◆ **Image-text web data**:

Start of Block

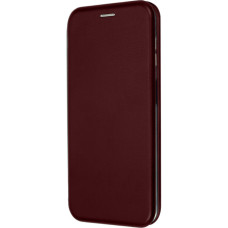 Чохол до мобільного телефона Armorstandart G-Case Samsung A15 4G (A155) / A15 5G Marsala (ARM73652)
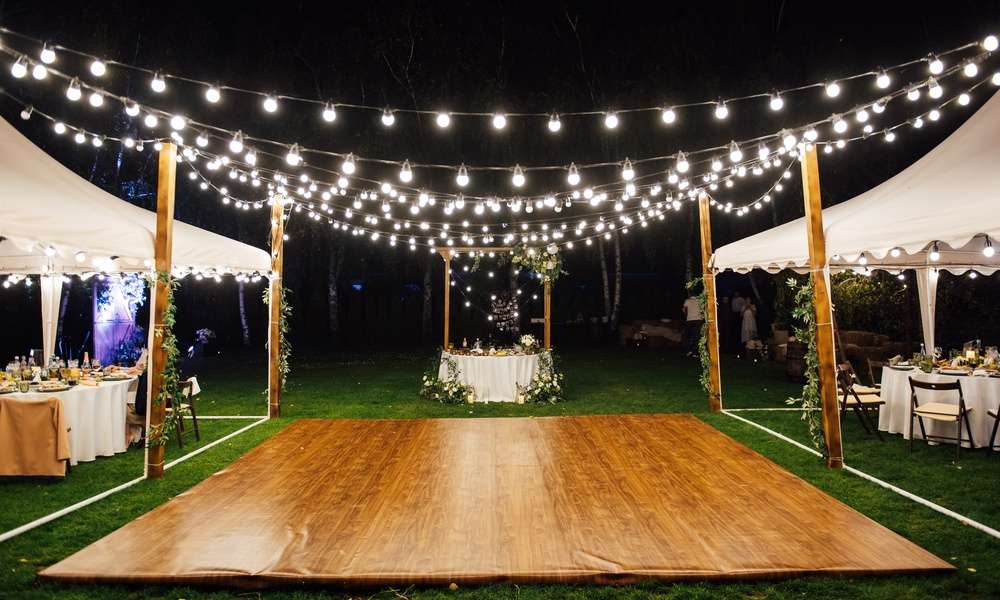 Don’t let your backyard gathering feel too ordinary and lack a sense of fun. Discover several tips for making your backyard event more memorable.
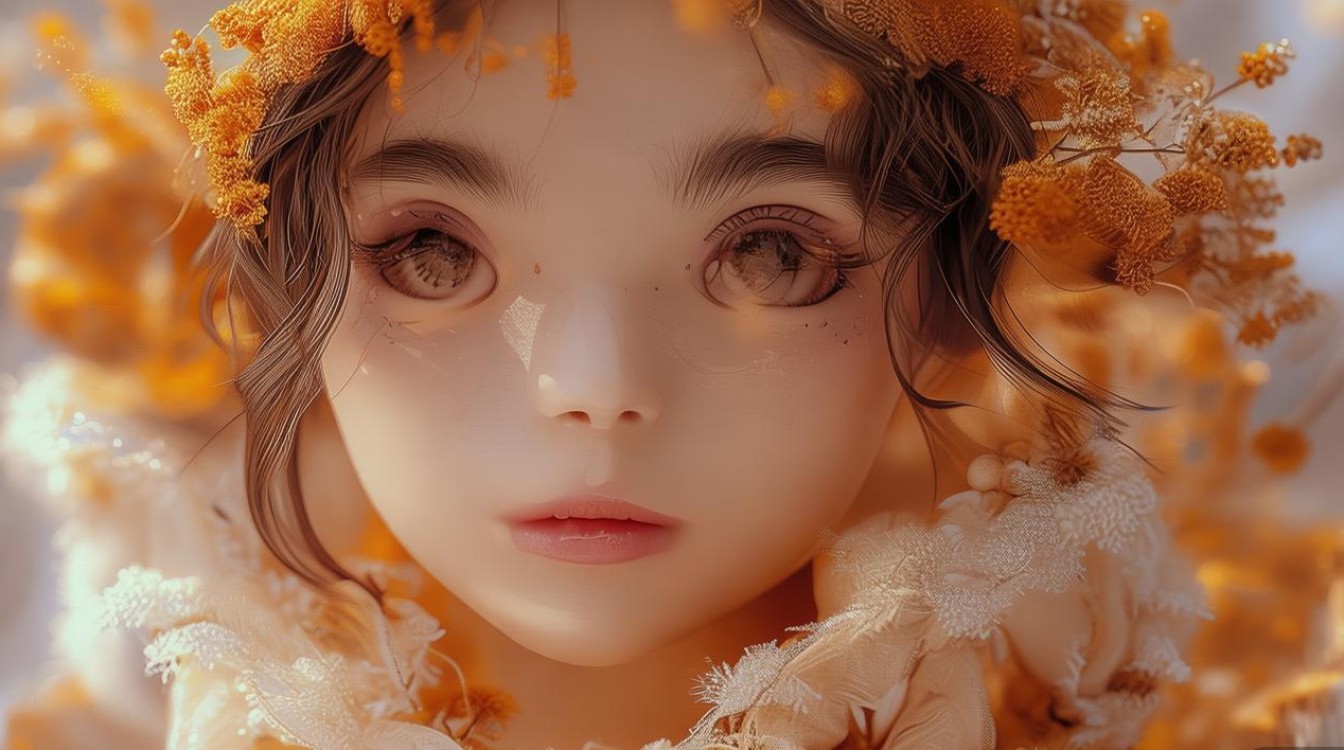 虹桥区高中今年录取多少人?-图1 虹桥区高中今年录取多少人?-图1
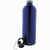 Flasche aus recyceltem Edelstahl Ressuto XL (Bild 2)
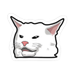 The Cats 𝕏 (@thecatsx) Twitter profile photo The Cats 𝕏 (@thecatsx) Twitter profile photo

End of Block

Omit the pictures and restate the rest of the records verbatim.

 Чохол до мобільного телефона Armorstandart G-Case Samsung A15 4G (A155) / A15 5G Marsala (ARM73652)
 Don’t let your backyard gathering feel too ordinary and lack a sense of fun. Discover several tips for making your backyard event more memorable.
 虹桥区高中今年录取多少人?-图1 虹桥区高中今年录取多少人?-图1
 Flasche aus recyceltem Edelstahl Ressuto XL (Bild 2)
 The Cats 𝕏 (@thecatsx) Twitter profile photo The Cats 𝕏 (@thecatsx) Twitter profile photo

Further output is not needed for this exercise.